One Step Closer to Knowing  

15 May, 2018 | Joel Worrall | No comments
One Step Closer to Knowing

Reposted from here.

With appropriate nods to Bono and Jon Foreman.

It’s been an eventful 12 months. Exactly one year ago, I exited an 8-year journey with CURE International. Since then, I’ve…

  • invested a lot of time with my family,
  • authored a book (more on that later),
  • consulted and volunteered for a number of nonprofits,
  • spent the lion’s share of the year working with some great people, building some meaningful technology products at Masterworks, and
  • started teaching (part-time) in the Computer Science department of my alma mater, Messiah College.

I also began working a Life Plan (highly recommended), became moderately more healthy, and finally got involved in my church.

It was a challenging but good year; and just like last May, I’m writing this asynchronous message to offer an update while avoiding repetition.

So what’s the Big News?

I’m going to work for New Relic!

My new job title is delightfully esoteric — Principal Solution Architect, Extensibility. (That’s actually the abbreviated version.)

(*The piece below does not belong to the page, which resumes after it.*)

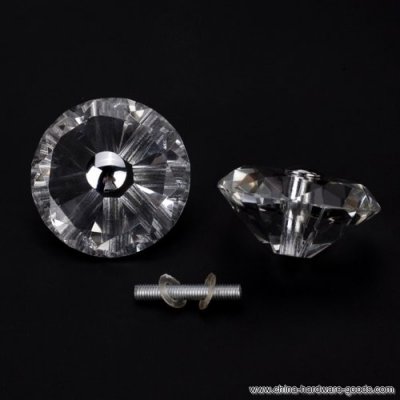 1 pair of diamond-shape crystal glass door cabinet knob pull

Essentially, my new job is (1) to be part of a nimble team that (2) comes up with ideas to make New Relic’s products better and more valuable and then, (3) builds out those ideas, solving real-world problems. It engages a host of skills: software development, marketing, product management, consulting, sales enablement, and public speaking — all working (remotely) for a company I love, in the epicenter of digital transformation, and under a leadership team I respect.

Am I excited?

I recently told a friend and soon-to-be colleague, “If I didn’t have to work, I would still consider doing this job at New Relic anyway.” So, yes. Yes I am.

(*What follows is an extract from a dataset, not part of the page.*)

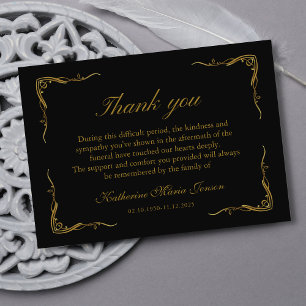 Elegant Black and Gold Simple Sympathy Funeral Thank You Card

The role has a tremendous surface area for learning and impact; and it comes with the challenging uncertainty that marks any worthwhile, new experience (i.e. How quickly can I live up to my “be awesome at this” standard?). That’s an invigorating feeling, one I haven’t had in a long while. I’m excited to rediscover what I’m capable of.

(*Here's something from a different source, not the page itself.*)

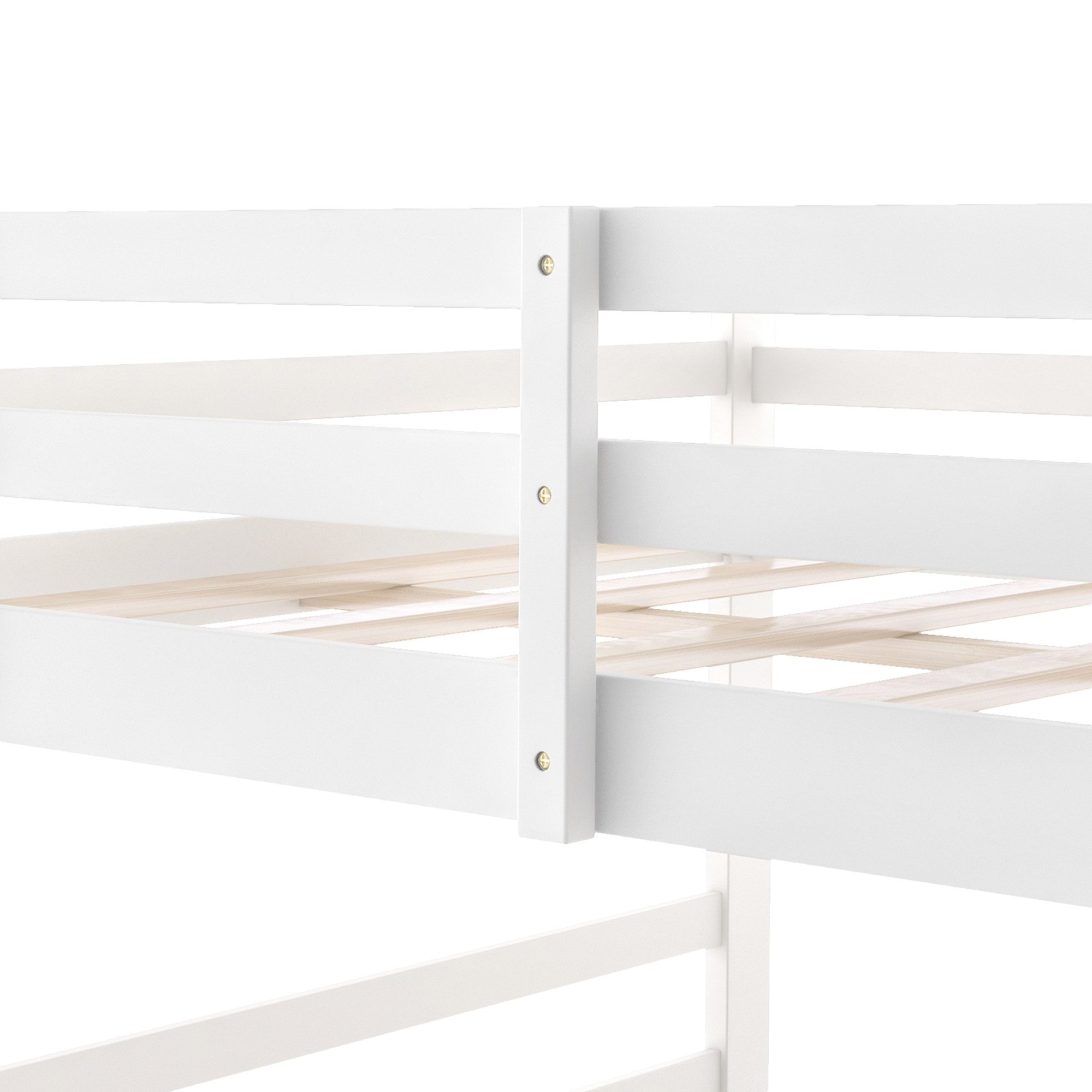 Pastel White Full Over Full Dual Ladder Bunk Bed-7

Does this mean I’m done with full-time nonprofit work?

After nearly a decade in and around nonprofit leadership, it’s difficult for me to imagine never working in a charity ever again. At the same time, that’s not my call to make. Serving full-time at CURE was a privilege, and I don’t pretend to know if I’ll ever be called to a responsibility like that again.

I’ve also recognized some growing and learning I need to do as a leader, and I think that the charitable sector is on a parallel growth track. We’re not quite right for each other today. While perhaps someday we could be again, that won’t be my career focus for the foreseeable future.

Instead, in this next season, I’m grateful to bring the experiences I’ve had in an international NGO and the broader nonprofit sector back into the technology field, working with and for people I admire to solve problems that effect everyone, including nonprofits.

One more thing

Last May, I said that I had a personal writing project on my summer list. This book is the result.

The concept and content came from a decade of graduate studies and eight years of service at CURE, where I researched a connection between what I was studying in seminary and what I was seeing at my “day job.” If you’re interested in reading more, it was released this week. For many of my friends, the topic may not be your cup-o-tea; but if it is, the book is available on Amazon.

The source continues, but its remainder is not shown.